There are additional options that you can specify per chunk (whether to run the code, to show the output, what size the figures should be, etc.). Generally we won’t need these options but you can get an idea about them by looking at the official manual. You can create a chunk by hand or click on “Create chunk” drop-down list (in this case, it will create the chunk at the position of the cursor)

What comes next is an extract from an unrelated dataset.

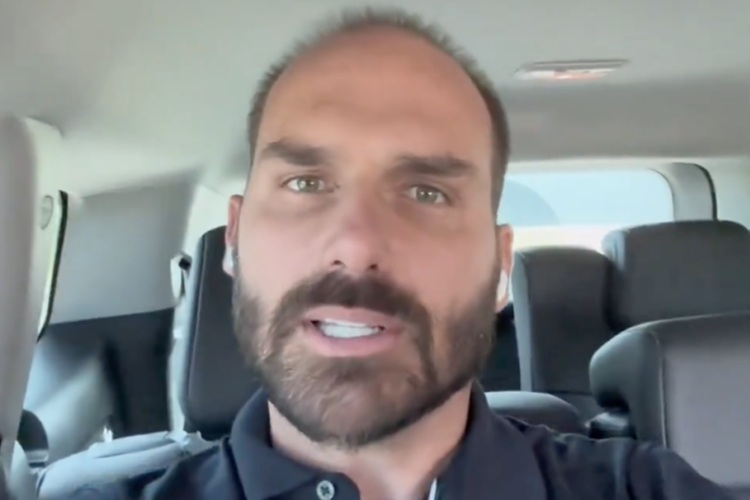 Eduardo Bolsonaro elogia desempenho de Milei: 'Tirou a Argentina da sua pior crise'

Finally, you run all the code in the chunk by clicking on Run current chunk button at the top-right corner of the chunk or by pressing Ctrl+Shift+Enter when the you are inside the chunk. However, you can also run just a single line or only selected lines by pressing Ctrl+Enter. The cool thing about RMarkdown in RStudio is that you will see the output of that chunk right below it. This means that you can write you code chunk-by-chunk, ensure that each works as intended and only when knit the entire document. Run the chunks in your notebook to see what I mean.

1.2.2 Quatro template

Working with Quatro notebook is very similar but certain YAML header options are different (e.g., format: html instead of output: html_document) and chunk settings are inside the chunk (#| echo: false) instead of being inside curly brackets ({r echo=FALSE}). These differences become important when you go in deeper and want to build a website or write a book using Quatro but won’t matter much for this seminar.

1.3 Exercise

For the today’s exercise, I want you to familiarize yourself with markdown. Create a Quatro notebook for this. Go to markdownguide.org and look at basic and extended syntax (their cheat sheet is also very good). Write any text you want that uses all the formatting and submit the .qmd file to MS Teams. Please note that if you use an external image, you must submit it (zip everything into a single file) and the path that you use must be relative. Remember, if your file path is “c:/Documents/R-seminar/funny.png” chances are I do not have that file and that set of folders on my computer and your markdown won’t render for me.